Quand l’Assemblée législative du Manitoba a décidé de fusionner 13 municipalités pour former la ville de Winnipeg telle qu’elle existe aujourd’hui, la Ville de Saint-Boniface a exprimé son opposition symboliquement : son drapeau a été hissé en berne et à l’envers, un signal international de détresse. Pour le dernier maire de Saint-Boniface, Edward Turner, le geste représentait la mort de la Ville. Car en perdant sa charte, elle perdait aussi son individualité et son autonomie. Et si les francophones étaient minoritaires à Saint-Boniface, ils seraient noyés dans le grand Winnipeg.

Depuis 1972, la Ville de Winnipeg a connu des conflits qui ont fait de la francophonie et du patrimoine des sources de divisions importantes, des lignes de faille dans le tissu social.
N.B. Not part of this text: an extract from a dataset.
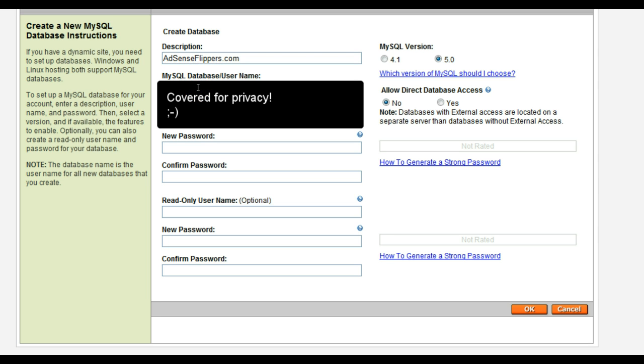The database username and password, I'm going to blank out here, but it should be something sufficiently difficult for someone to guess.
Déjà en 1983, au milieu de tensions extrêmes, le conseil de Ville a augmenté la discorde en ajoutant une question référendaire aux élections municipales : il demandait aux citoyens si la Province devait laisser tomber sa proposition de constitutionnaliser des services en français. Comme quoi le conseil estimait que les droits de la minorité pouvaient être assujettis à la volonté populaire même sur une question qui ne relevait pas de Winnipeg, mais de la Province.

Quant au patrimoine, la Ville continue de trébucher d’une catastrophe potentielle à l’autre. En 2004, elle a déclaré son intention de vendre un lot situé à côté du site même de l’historique Upper Fort Garry. Lorsqu’elle a choisi un développeur qui voulait y construire un condominium, un groupe de bénévoles, les Amis du Upper Fort Garry, s’est soulevé contre la décision. Il s’est entendu avec l’acheteur pour trouver un autre site. Malgré l’opposition soutenue du maire Sam Katz, l’ensemble du site de l’ancien fort est devenu un parc patrimonial qui commémore l’endroit où avait siégé le gouvernement provisoire de Louis Riel en 1869-1870.

Aujourd’hui, la ville risque de provoquer un désastre patrimonial. Les archives des 13 entités fusionnées en 1972 languissent depuis 2013 dans un entrepôt difficilement accessible, sans contrôle de la température et de l’humidité, et qui pourrait être détruit par les flammes qui ont  déjà causé des dommages deux fois dans le voisinage. Ces archives comprennent celles des anciennes villes de Saint-Boniface et de Saint-Vital.

La controverse provoquée par la vente possible de l’ancien hôtel de ville et de l’ancienne caserne des pompiers de Saint-Boniface fait ressortir deux des lignes de faille de la Ville, la francophonie et le patrimoine. Elle reflète l’incapacité de Winnipeg de se réconcilier à la présence francophone et de comprendre l’importance que les francophones attachent à leur patrimoine.

La disparition de la Ville de Saint-Boniface n’a pas fait disparaître la francophonie. Des générations de francophones ont cherché à se frayer un chemin dans une société manitobaine tantôt indifférente, tantôt hostile. L’hôtel de ville est devenu un symbole de leur résilience. Le plus récent exemple de l’indifférence de la part du conseil de Ville serait une excellente occasion de se sensibiliser à l’importance de ce symbole et de faire d’une pierre deux coups : résorber la ligne de faille de la francophonie et celle du patrimoine.